5. Prepare the company’s mainstream reporting in an integrated manner
There is a growing imperative for Boards and management to prepare the company’s mainstream disclosures in an integrated fashion that combines financial reporting with reporting on material ESG&D risks and opportunities. The increased materiality of these factors requires well-governed corporations to reflect them in their mainstream disclosures and to ensure greater transparency and accountability to investors and other stakeholders by setting public targets, providing independent assurance on performance against these targets and analysis of strategic risks and opportunities.

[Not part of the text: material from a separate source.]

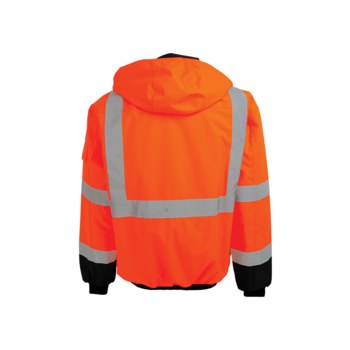 Global Glove FrogWear GLO-EB4 Chaqueta bomber GLO-EB4-L - tamaño Grande - Poliéster - Naranja/Negro - 02573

Working with Deloitte, EY, KPMG and PWC, the World Economic Forum’s International Business Council is spearheading an effort to identify a core set of ESG metrics and disclosures that are common across industry sectors, which can be integrated into mainstream reporting on a consistent and comparable basis. In addition, initiatives such as the Task Force on Climate-Related Financial Disclosure (TCFD), the Sustainability Accounting Standards Board (SASB), Climate Disclosure Standards Board (CDSB), Global Reporting Initiative (GRI) and CDP are providing guidance on more issue- or sector-specific disclosure priorities. All Boards should be familiar with and able to provide oversight on the evolving agenda for corporate reporting and accountability.
6. Adapt the Board’s organization, composition and engagement to these imperatives
Boards need to integrate these issues into the way they are structured and organize their work. A key area for review is the integration of ESG&D oversight into different Board Committee charters and whether to establish a dedicated Board committee to address these issues. Likewise, ensuring the right balance between Committee-based work and integrating these issues into full Board discussions on corporate purpose and culture, strategy, risk management, scenario and competitiveness analysis, major investment decisions, business planning, target setting and performance oversight, executive compensation and succession planning.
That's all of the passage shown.